I thoroughly agree with Raffaele Zanoli in his assessment that the articles by Coimbra et al. (2020) and Vidal et al. (2020) are about as remote as can be from Q methodology, of which they claim that their procedure is a modification. What these many authors have done is to assemble a quite small sample of products –– N=9 whey dairy beverages in the one case and N=9 salted meats in the other –– and then instruct participants to assess these products using a Q sort on the basis of a relatively small number of descriptors (18 and 19, respectively). Factor analysis, however, was carried out on the beverage and meat products in relation to the descriptors, but not on the persons doing the assessing.

In one of his earlier papers, Stephenson (1936) showed that there were four basic systems of factor analysis

  • System I (R methodology), in which variables singly-centered around their own means were correlated across persons and then factored, resulting in a classification of variables.
  • System II (Q methodology), in which persons singly-centered around their own means (of M=0 in the Q sort) were correlated across traits or statements and then factored, resulting in a classification of persons.
  • System III (the transpose of System I), in which the variable scores are first standardized across persons and then transposed and restandardized across traits (double-centered), resulting in factors comprised of persons and thereby superficially similar to System II.
  • System IV (the transpose of System II), in which the trait scores are first standardized across traits and then transposed and restandardized across persons (double-centered), resulting in factors comprised of traits and thereby superficially similar to System I.

Only Systems I and II were regarded as truly of methodological proportions –– I dealing with what is objective in the world and II with what is subjective; III and IV were only logical possibilities and mere applications of the more fundamental systems. Taking repeated measures across different occasions, sometimes referred to as O technique (Burt, 1981; Cattell, 1951), was also simply an application lacking methodological status (Stephenson, 1952).

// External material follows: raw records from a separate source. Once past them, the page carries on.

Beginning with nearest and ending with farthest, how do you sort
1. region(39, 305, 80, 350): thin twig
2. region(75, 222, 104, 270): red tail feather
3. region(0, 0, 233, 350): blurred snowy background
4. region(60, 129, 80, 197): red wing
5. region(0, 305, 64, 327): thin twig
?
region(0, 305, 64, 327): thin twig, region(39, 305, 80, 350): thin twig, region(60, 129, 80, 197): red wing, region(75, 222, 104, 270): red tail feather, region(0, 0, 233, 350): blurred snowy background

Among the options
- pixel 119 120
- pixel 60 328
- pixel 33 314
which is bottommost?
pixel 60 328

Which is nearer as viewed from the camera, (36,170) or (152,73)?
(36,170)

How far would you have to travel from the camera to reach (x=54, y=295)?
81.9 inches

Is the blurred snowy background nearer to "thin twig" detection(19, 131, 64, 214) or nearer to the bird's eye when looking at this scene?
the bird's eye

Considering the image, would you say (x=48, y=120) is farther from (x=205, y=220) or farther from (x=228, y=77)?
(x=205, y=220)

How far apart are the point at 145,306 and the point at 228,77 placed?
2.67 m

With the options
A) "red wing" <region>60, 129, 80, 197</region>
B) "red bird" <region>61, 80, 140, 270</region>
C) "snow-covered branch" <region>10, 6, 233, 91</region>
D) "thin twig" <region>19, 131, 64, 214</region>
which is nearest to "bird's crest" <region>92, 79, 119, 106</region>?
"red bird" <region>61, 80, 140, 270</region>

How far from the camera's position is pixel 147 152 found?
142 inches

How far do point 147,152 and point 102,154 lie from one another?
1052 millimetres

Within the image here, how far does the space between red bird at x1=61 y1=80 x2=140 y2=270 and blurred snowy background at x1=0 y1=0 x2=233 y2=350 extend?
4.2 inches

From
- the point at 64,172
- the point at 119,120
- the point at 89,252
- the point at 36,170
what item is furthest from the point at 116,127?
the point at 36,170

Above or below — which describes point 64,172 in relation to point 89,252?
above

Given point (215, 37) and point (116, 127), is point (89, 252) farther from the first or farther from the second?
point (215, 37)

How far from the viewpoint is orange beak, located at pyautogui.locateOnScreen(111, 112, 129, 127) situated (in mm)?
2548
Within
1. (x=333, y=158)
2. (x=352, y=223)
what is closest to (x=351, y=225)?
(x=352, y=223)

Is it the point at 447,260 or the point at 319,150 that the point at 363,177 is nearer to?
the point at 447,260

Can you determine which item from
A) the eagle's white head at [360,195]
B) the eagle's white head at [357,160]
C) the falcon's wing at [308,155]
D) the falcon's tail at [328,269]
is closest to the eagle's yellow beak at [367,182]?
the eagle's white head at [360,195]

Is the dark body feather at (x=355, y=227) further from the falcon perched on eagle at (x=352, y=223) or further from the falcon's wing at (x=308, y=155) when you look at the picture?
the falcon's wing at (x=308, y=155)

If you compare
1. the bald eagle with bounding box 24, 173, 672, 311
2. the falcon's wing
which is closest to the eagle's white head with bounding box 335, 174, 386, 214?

From this vantagepoint, what Coimbra et al. (2020) and Vidal et al. (2020) have produced is something akin to a System IV analysis rather than a modification of System II. Their focus is on variables rather than on the subjectivity of the persons doing the assessing and who may have been blissfully ignorant of and indeed unconcerned with the variables of interest to Coimbra, Vidal, and their associates, who for their part have no obvious interest in what the participants were thinking. It is striking that the authors cite only one or two authors who have written about or utilized Q methodology.

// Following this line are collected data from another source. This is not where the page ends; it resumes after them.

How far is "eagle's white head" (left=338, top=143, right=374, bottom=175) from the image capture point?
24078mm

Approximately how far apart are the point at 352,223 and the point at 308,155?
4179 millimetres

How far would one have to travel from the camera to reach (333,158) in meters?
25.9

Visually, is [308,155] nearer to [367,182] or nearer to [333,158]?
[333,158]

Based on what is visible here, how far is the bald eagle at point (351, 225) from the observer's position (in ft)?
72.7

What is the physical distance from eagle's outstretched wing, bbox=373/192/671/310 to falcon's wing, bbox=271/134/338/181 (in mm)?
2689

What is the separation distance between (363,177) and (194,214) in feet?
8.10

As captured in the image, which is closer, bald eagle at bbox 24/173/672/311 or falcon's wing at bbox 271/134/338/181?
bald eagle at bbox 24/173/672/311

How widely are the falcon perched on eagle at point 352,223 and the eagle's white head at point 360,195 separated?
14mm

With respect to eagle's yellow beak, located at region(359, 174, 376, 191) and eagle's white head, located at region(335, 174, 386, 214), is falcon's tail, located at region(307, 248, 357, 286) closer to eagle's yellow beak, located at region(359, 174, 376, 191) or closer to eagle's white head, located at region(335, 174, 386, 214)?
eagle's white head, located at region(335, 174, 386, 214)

In tracing the point at which Coimbra and Vidal lost the scent, it would be important to examine the article by Brard and Lêa (2018), whom they cite and claim as their authority. Brard and Lêa give acknowledgement to Marcel Trudel and cite texts by Brown and by Watts and Stenner, thereby testifying to at least rudimentary knowledge of Q methodology. As Coimbra and Vidal indicate, Brard and Lêa proceeded in much the same fashion and pursued much the same goals with their sample of 39 shampoo perfumes, but at least Brard and Lêa recognized how Q methodology was different in intent from their own procedures and goals, even while regarding what they were doing as in some way a modification of Q methodology. How different their study would have been had they been interested in their participants’ thoughts and feelings about perfumes rather than in the characteristics of the perfumes themselves; i.e., in traits rather than persons instead of the other way around (Stephenson, 1935).

References

Brard, M., & Lêa, S. (2018). Adaptation of the Q-methodology for the characterization of a complex concept through a set of products: From the collection of the data to their analysis. Food Quality and Preference, 67, 77–86.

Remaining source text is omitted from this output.